The following is a comment on Chris Grey's partly excellent denunciation of Theresa May's (and the British government's) approach to Brexit. Unfortunately Chris does not permit comments. I recommend reading his work here.*



I agree with most of this* (as a Brexit supporter). Where I disagree is with blaming the Brexiters. May and most of her supporter are remainers. It's May who is trying to subvert the options by pretending there is a half in, half out panacea which the EU is just somehow in denial about. I agree it makes her and the UK look foolish, but you have to keep in mind that May thinks she is offering the EU essentially a betrayal of Brexit by sticking to EU rules while claiming independence. She thinks that's a 'good deal' for them and cannot understand why she is rejected. She fails to understand what a project the EU is. The EU is already looking to the East (Bulgaria, Ukraine spring to mind) for ways to extend its power. The idea of losing a few fellow travellers along the way was already priced in. The EU's thinking may (reluctantly) be compared with Hitler's in 1939- Britain can keep her world trading network malarkey if the Germany gets mainland Europe and its satellites. May's willingness to parley Britain's military strength in return for Chequers is a sign that she's not completely ignorant of this, but at least publicly she is bereft of this awareness, claiming that the EU must compromise.
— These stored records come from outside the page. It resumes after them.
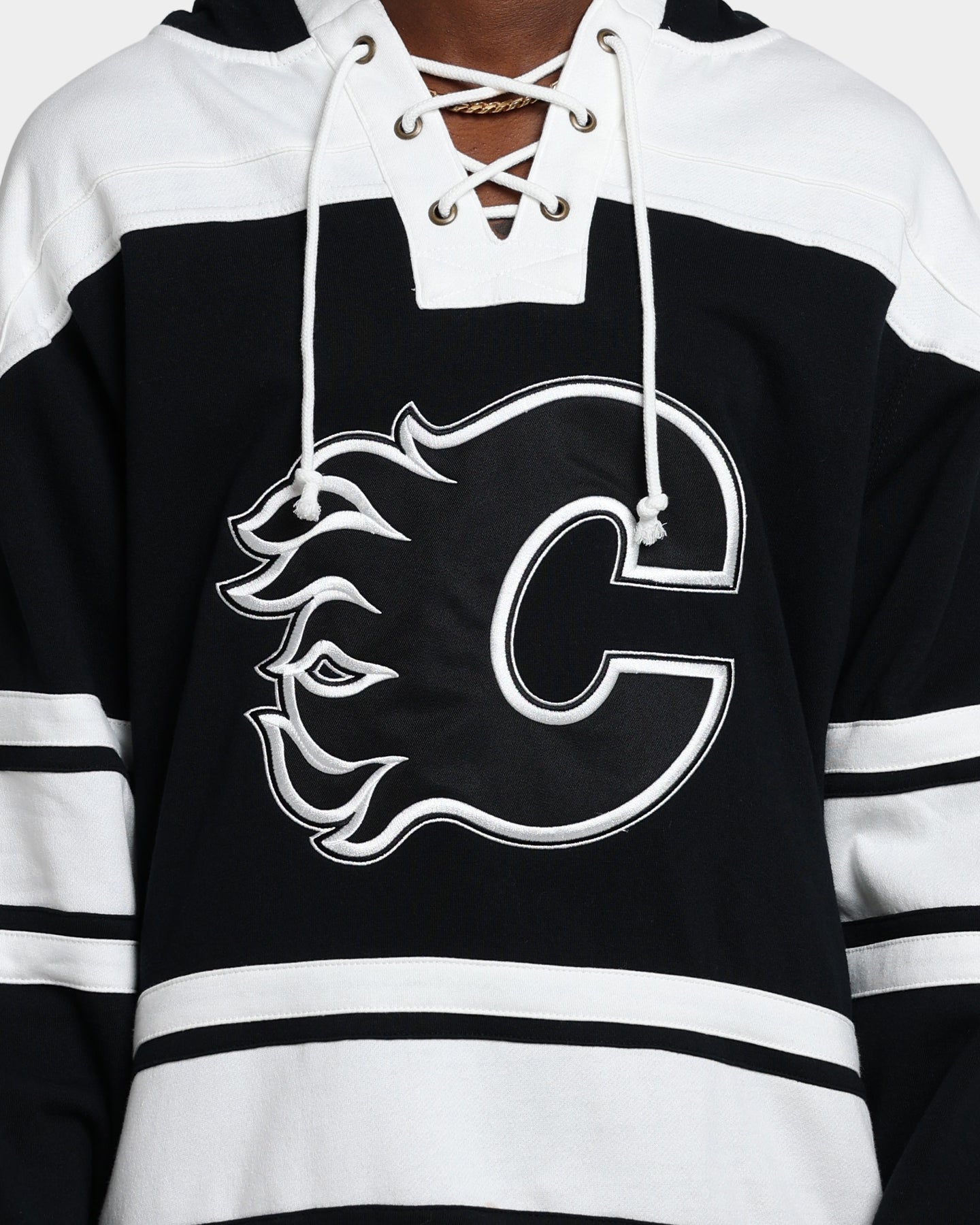 47 Brand Calgary Flames Superior Lacer Hoodie - Jet Black NHL Hockey Fan Apparel for Men & Women - Perfect for Game Day, Tailgating and Cold Weather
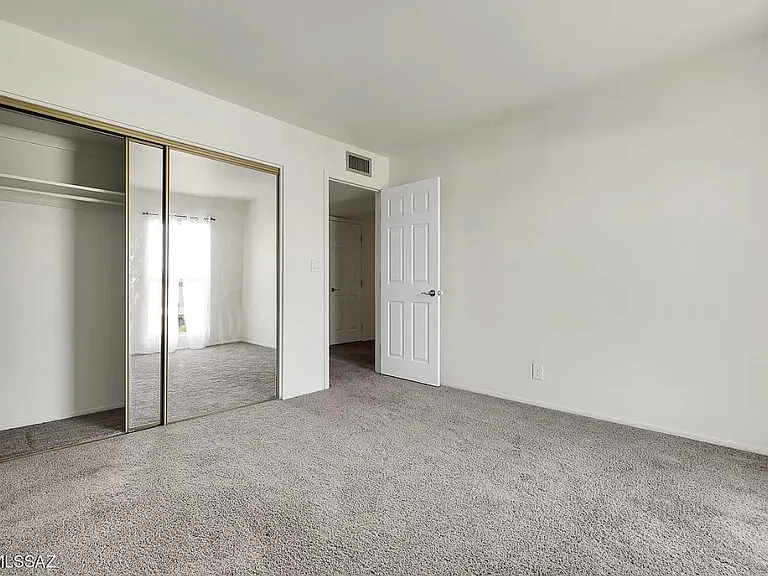 1527 E Prince Rd — Photo 5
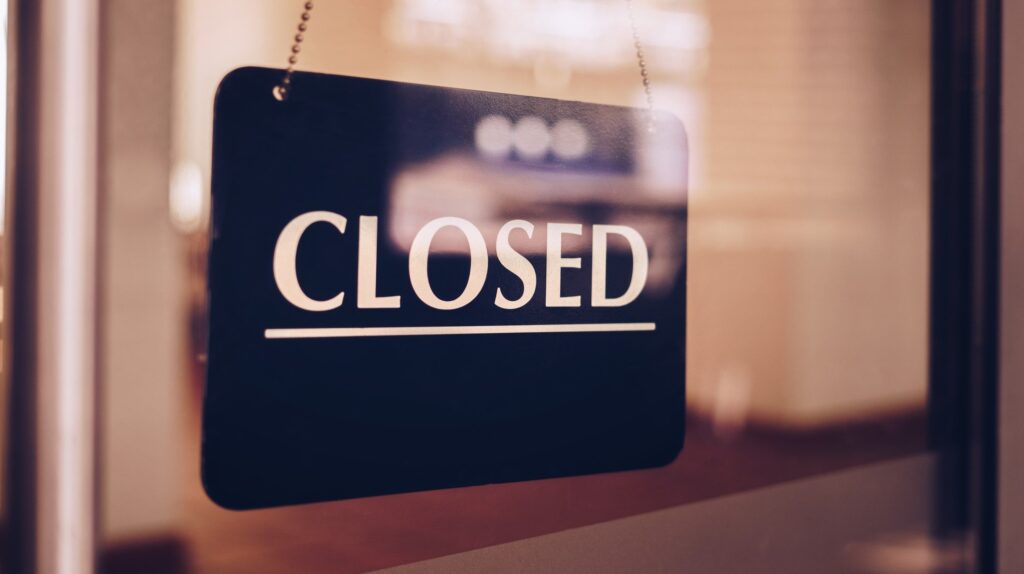 skin-focused-sirona-closes-r&d-labs-as-allergan-deal,-financing-plans-collapse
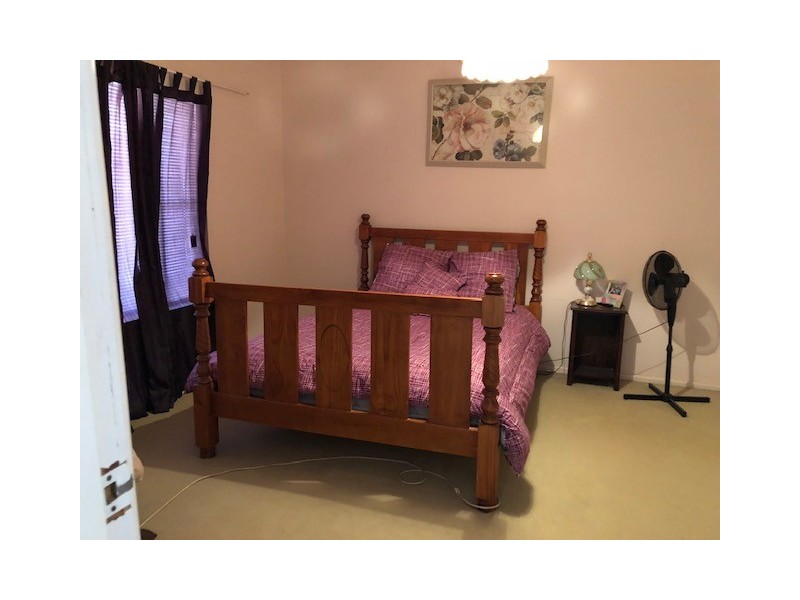 10 Gobondery Street, Trundle NSW 2875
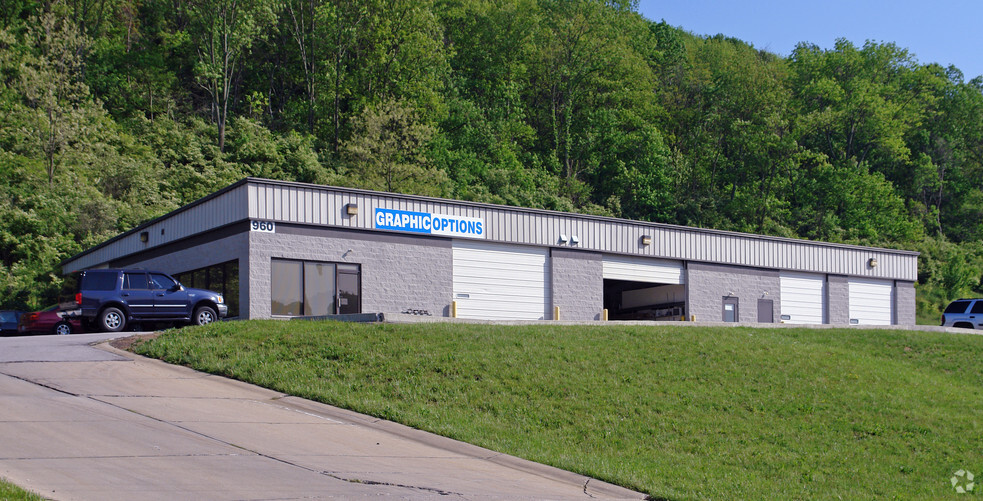 960 Helen Ruth Dr, Fort Wright, KY for lease - Primary Photo - Image 1 of 2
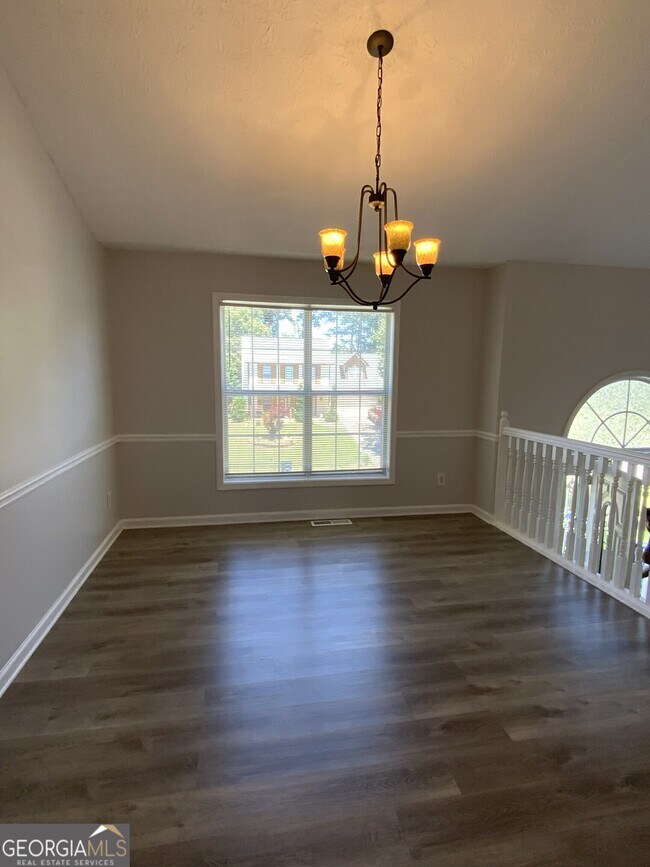 Building Photo - 5600 Sugar Crossing Dr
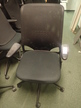 ca. 20 Stk. Bürodrehstühle 2 .Wahl, schwarz, Lehnen abgenützt ca. 20 Stk. Bürodrehstühle 2 .Wahl, schwarz, Lehnen abgenützt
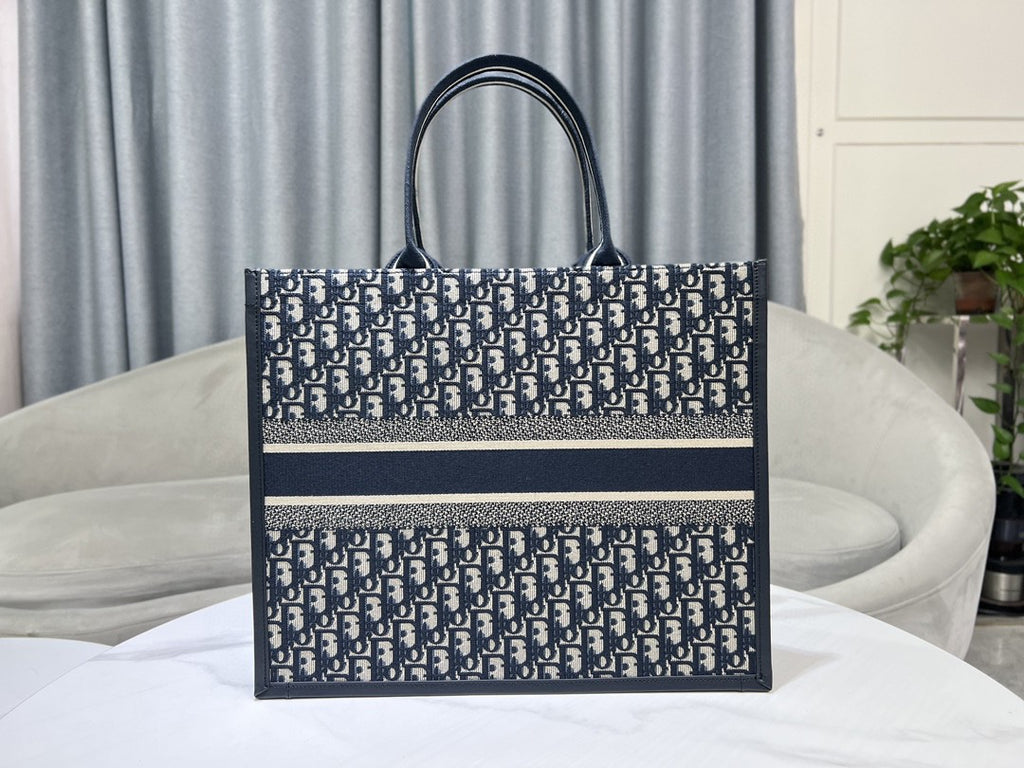 Christian Dior Book Tote bag in the Black Dior Oblique embroidered canvas.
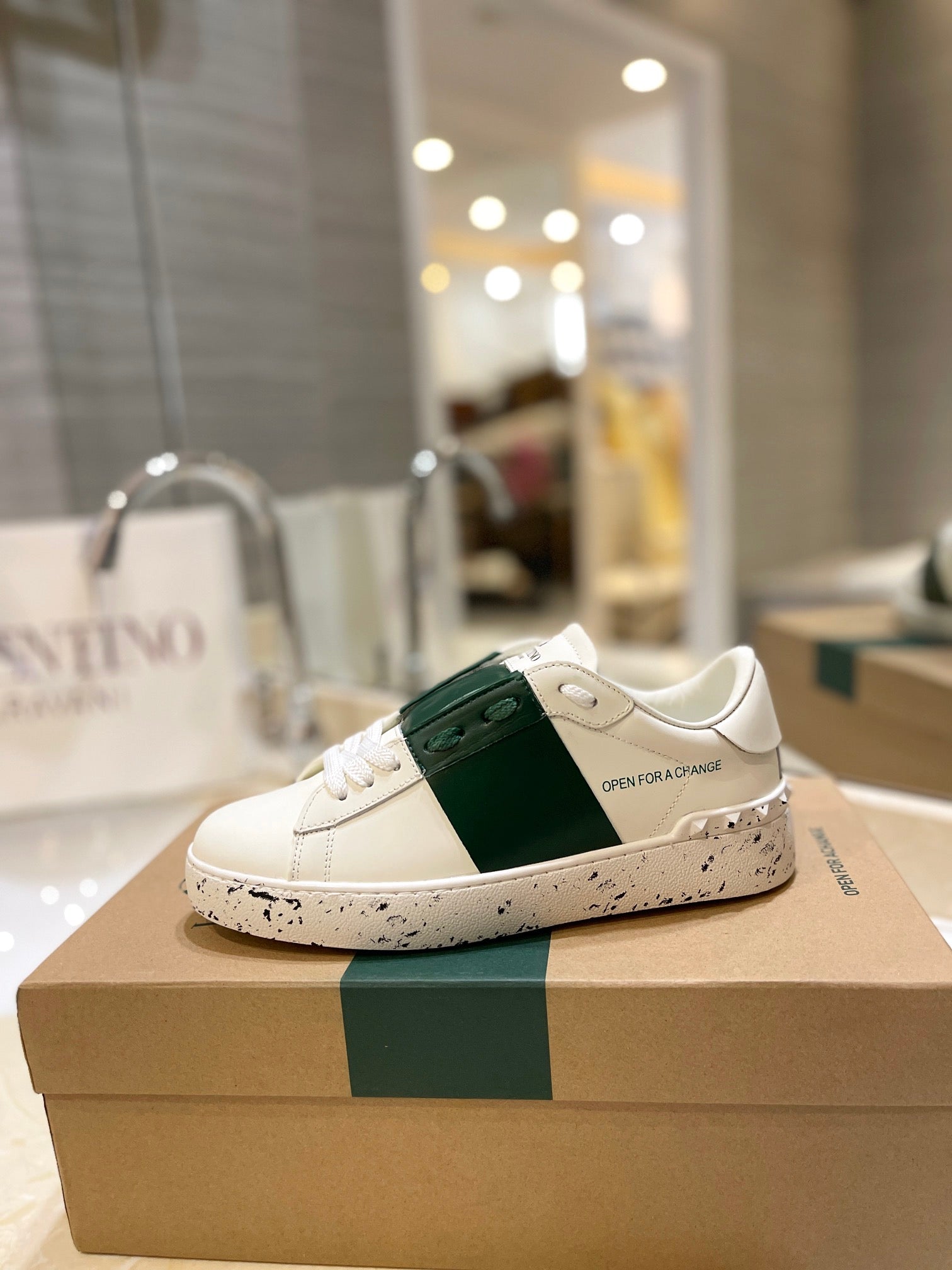Valentino Sneaker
The central accusation against Brexiters is unfair though: the idea that 'access' is a weasel word (implying that we will somehow keep Single Market conditions) must be set against the false expression 'frozen out' (widely used by remainers), which suggests that the EU has no interest in its own trade surplus with the UK, or any regard for WTO rules. In the referendum these poles were logically the parameters of discussion and rhetoric- neither is per se dishonest. As regards elision of the options post-Brexit, the exact form of a trade agreement would always be moot until formulated in black and white- which is a chief culpability of May and her remain instincts leading to hope of a false 'leave', a kind of cosmetic agreement with plenty of sweeteners, underlining British exceptionalism within the EU (which seems to me entirely unjust, unmerited and dangerous- as perhaps Barnier agrees).

As a supporter of leave, motivated by the democratic deficit in the EU, economic protectionism and inequalities promoted by the EU, the sluggish reaction to crises,the bully-boy tactics, the bureaucracy and high-handedness I have first-hand witnessed, and the sheer banality of revisiting Europe's idees fixees for the satisfaction of boomer Germans and Frenchmen- plus enthusiasm for the world at large- I know as most of my fellow leavers know, and most leavers clearly want, that you leave, and then mitigate. You come to the EU as a supplicant (which attitude they desire) and behind your back you have several big sticks to chase the dissolute high priest (trade, finance, and military cooperation). Don't accuse leavers of the muddled thinking that May embraces as a way of tricking 'the nasty party' as she sees them. That would be to slander them twice over.